How to Simplify the AI Investment Thesis | ETF Trends

The artificial intelligence (AI) investment thesis is all the rage this year — so much so that some unwitting investors may be thinking that AI investing represents “easy money.”

To be sure, it does not. At best, the concept of easy money in financial markets is evasive, and investors should forget about it when it comes to AI. However, there are avenues for simplifying the AI investment. Those include exchange traded funds such as the Invesco QQQ Trust (QQQ) and the Invesco NASDAQ 100 ETF (QQQM).

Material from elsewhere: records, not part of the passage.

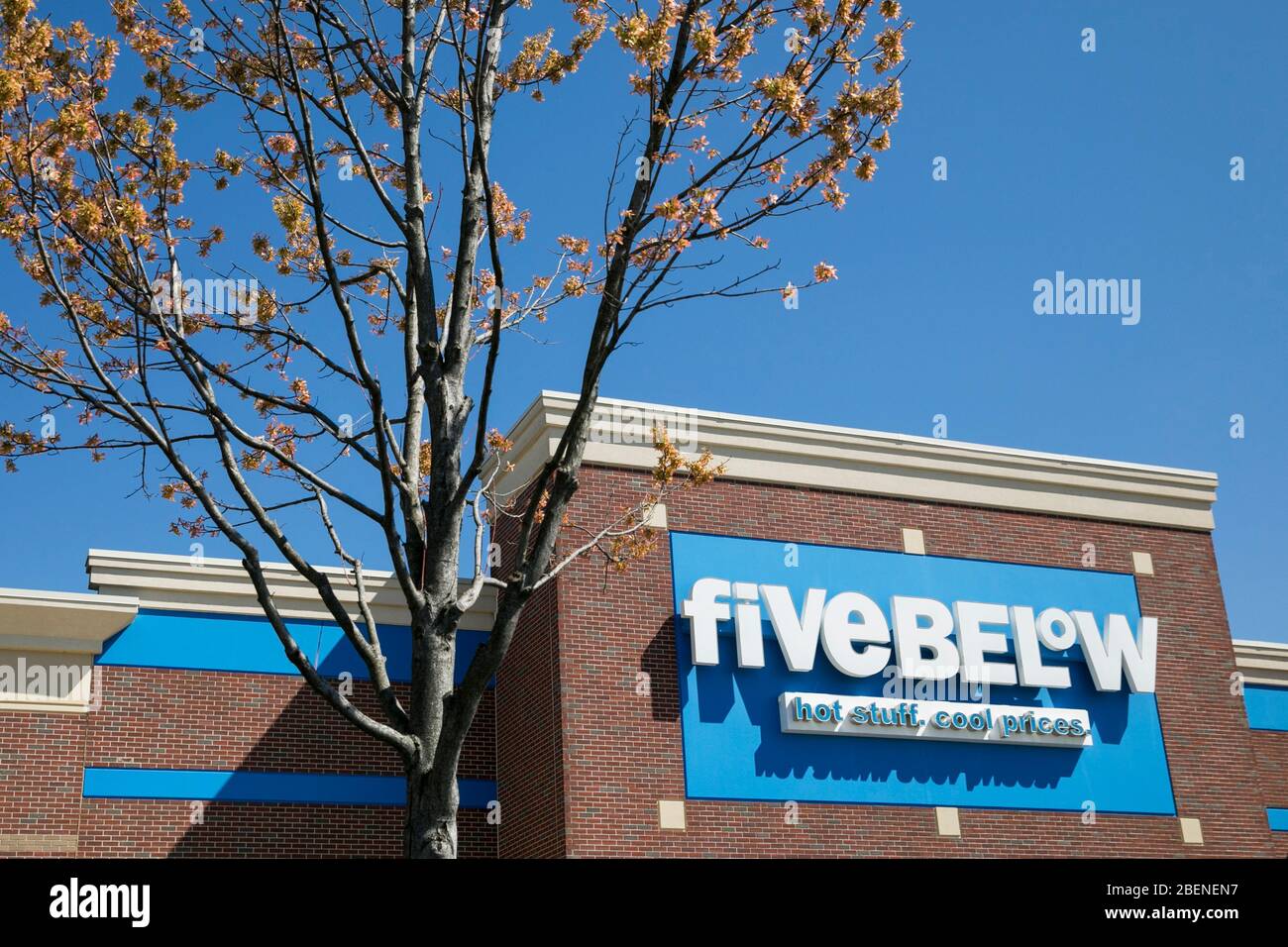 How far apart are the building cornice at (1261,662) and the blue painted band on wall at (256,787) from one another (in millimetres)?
14279

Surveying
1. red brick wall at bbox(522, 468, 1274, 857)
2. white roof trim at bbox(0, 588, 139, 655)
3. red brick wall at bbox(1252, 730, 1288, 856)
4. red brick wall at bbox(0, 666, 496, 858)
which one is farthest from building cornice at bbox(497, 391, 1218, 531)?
white roof trim at bbox(0, 588, 139, 655)

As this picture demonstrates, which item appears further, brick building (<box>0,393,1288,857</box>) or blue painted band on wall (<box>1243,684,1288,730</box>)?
blue painted band on wall (<box>1243,684,1288,730</box>)

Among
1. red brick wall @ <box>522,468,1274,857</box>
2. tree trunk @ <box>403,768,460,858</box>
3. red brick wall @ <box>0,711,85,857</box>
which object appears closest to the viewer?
tree trunk @ <box>403,768,460,858</box>

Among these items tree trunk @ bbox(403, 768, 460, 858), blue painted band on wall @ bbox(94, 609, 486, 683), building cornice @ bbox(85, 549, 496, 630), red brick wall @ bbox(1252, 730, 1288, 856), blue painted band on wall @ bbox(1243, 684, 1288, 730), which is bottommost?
tree trunk @ bbox(403, 768, 460, 858)

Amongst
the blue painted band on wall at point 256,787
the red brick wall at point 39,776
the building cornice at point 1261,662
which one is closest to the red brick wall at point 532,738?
the blue painted band on wall at point 256,787

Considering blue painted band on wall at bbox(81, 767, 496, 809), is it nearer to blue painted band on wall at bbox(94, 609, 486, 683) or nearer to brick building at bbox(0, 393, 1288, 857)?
brick building at bbox(0, 393, 1288, 857)

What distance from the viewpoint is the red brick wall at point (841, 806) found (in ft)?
58.2

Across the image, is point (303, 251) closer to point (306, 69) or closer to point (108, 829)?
point (306, 69)

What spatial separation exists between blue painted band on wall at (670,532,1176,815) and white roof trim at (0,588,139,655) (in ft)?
25.5

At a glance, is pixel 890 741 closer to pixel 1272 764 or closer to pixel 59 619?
pixel 1272 764

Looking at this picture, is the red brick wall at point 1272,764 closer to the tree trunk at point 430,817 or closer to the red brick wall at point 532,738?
the red brick wall at point 532,738

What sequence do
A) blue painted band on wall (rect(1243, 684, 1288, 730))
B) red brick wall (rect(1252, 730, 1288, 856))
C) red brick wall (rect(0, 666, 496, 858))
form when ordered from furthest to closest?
blue painted band on wall (rect(1243, 684, 1288, 730))
red brick wall (rect(1252, 730, 1288, 856))
red brick wall (rect(0, 666, 496, 858))

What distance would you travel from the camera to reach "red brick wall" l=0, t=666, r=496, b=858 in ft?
57.1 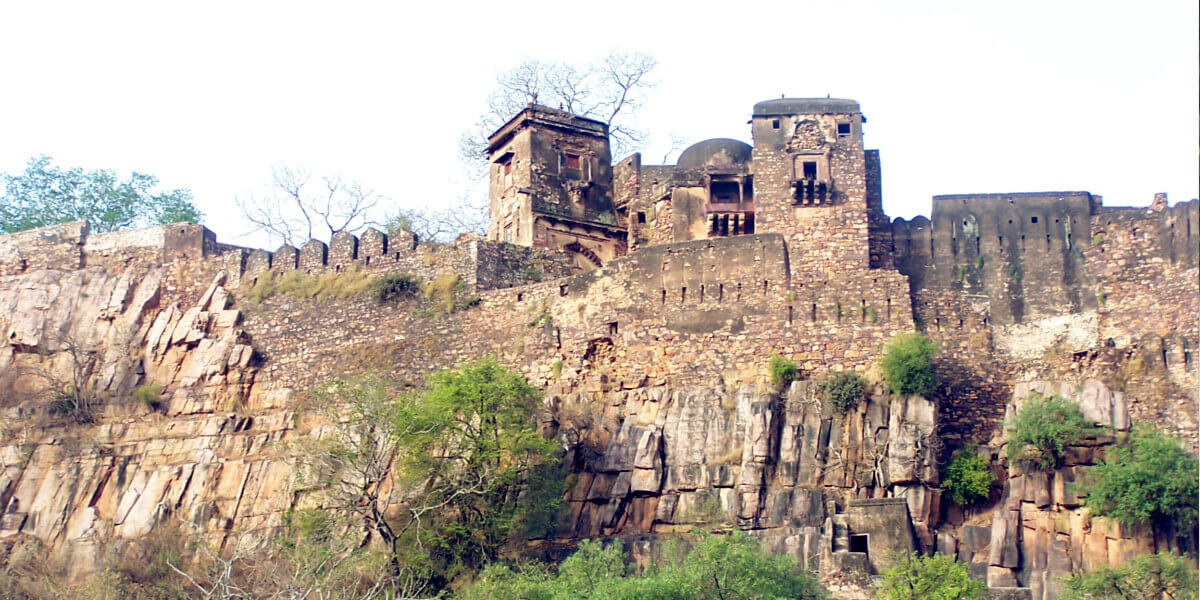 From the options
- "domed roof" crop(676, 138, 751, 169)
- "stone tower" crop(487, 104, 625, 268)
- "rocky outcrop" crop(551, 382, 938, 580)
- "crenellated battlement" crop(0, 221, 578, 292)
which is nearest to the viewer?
"rocky outcrop" crop(551, 382, 938, 580)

Up 38.26% year-to-date, QQQ and QQQM are proving their relevance as AI-related plays. That pertinence is fortified by large stakes in the likes of Alphabet (NASDAQ: GOOG), Microsoft (NASDAQ: MSFT) and Nvidia (NASDAQ: NVDA), to name a few of the ETFs’ marquee holdings with strong AI exposure.

QQQ, QQQM Lineups Matter

While easy money may be elusive, simple investment concepts are not. For example, an ETF’s underlying holdings determine its price action. That’s pertinent in discussing QQQ and QQQM. While the Invesco funds are not dedicated AI ETFs, they are, as noted above, flush with AI credibility. That’s an important trait when considering the expected multi-year growth trajectory of AI’s total addressable market (TAM).

“The A.I technology total addressable market or the TAM, which includes semiconductors, hardware and networking, is at $90 billion today and we estimate it will grow to $275 billion by 2027. That’s more than half the size of the semiconductor market today,” noted Shawn Kim, head of Morgan Stanley’s Asia technology research team.

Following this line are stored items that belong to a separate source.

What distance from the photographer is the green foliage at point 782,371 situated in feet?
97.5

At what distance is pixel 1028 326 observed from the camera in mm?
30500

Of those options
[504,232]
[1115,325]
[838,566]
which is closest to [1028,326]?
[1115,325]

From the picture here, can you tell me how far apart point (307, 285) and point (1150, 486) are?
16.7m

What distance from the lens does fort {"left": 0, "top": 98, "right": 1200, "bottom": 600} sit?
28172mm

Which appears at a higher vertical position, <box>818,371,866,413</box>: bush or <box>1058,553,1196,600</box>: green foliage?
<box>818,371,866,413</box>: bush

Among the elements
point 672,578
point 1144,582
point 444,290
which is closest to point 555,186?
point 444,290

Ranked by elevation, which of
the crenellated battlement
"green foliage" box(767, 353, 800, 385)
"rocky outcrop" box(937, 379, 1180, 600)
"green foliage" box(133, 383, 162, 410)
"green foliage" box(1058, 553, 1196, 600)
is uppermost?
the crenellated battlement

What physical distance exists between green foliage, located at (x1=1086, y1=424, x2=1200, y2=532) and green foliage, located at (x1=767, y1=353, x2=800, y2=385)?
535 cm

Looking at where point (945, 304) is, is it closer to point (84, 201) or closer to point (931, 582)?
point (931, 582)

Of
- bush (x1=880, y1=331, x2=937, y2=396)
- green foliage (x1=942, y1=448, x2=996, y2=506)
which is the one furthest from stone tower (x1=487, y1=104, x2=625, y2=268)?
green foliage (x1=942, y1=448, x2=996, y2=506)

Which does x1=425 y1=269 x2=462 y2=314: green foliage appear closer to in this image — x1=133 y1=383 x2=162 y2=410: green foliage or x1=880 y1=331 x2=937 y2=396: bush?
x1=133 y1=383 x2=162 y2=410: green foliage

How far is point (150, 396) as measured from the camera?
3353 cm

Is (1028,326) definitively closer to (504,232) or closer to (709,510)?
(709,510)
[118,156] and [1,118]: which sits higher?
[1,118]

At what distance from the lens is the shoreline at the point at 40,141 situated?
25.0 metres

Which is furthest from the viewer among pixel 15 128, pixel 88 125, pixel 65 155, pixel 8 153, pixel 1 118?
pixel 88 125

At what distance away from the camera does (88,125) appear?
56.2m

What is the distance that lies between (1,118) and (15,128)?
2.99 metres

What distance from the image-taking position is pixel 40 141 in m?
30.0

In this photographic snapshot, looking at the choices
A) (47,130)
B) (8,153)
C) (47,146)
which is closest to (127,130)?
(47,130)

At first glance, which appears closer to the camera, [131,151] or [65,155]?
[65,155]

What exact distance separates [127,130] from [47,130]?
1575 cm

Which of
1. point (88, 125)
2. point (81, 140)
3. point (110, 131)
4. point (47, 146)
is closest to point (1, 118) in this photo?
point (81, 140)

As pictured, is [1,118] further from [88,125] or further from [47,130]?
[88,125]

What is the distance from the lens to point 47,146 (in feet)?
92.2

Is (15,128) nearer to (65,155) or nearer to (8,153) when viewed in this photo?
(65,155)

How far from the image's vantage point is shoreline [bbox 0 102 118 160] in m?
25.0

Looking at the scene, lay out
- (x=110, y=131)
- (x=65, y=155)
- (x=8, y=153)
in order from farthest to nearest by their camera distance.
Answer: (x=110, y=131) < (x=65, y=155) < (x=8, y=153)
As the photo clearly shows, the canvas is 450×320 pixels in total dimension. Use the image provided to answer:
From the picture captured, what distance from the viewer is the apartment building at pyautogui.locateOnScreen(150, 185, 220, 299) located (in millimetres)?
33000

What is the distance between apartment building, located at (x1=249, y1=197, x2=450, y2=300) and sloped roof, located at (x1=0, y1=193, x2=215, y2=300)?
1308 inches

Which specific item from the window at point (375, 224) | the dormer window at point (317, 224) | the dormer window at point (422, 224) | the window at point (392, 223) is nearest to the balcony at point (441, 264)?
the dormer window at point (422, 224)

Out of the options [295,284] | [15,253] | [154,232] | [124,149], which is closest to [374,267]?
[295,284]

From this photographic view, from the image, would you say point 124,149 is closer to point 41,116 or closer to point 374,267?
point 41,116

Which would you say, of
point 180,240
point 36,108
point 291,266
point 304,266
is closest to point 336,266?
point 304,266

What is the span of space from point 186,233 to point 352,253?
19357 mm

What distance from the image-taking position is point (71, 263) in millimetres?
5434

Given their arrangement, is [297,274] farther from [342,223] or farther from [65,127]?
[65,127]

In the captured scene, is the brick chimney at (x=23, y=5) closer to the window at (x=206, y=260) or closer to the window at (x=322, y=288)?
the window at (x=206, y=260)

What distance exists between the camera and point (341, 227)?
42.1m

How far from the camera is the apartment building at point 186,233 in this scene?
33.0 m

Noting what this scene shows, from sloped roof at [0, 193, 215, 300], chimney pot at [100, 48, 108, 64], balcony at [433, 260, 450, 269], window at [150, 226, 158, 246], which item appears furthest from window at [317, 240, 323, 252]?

Kim went on to highlight the importance of semiconductors in AI. This is highly relevant to QQQ and QQQM investors because those ETFs are homes to more than 15 semiconductor stocks. That includes a 7% allocation to the aforementioned Nvidia.

“This remarkable growth is actually led by semiconductors, where we see the A.I semiconductor market TAM tripling over the next three years from $43 billion to $125 billion, and signifying our growing the overall A.I market,” added Kim. “Companies that we consider A.I leaders are generally showing high growth and returns, consensus shows a three year average EPS growth of 24%, which is more than twice the earnings growth of global stocks on average.”

Fortunately, the analyst said that AI isn’t in a bubble. However, investors looking to avoid a bursting scenario may find utility in funds such as QQQ and QQQM. The lineups are full of large companies with established AI leadership and large war chests. Those traits can potentially take some of the edge out of investing in a new innovative space.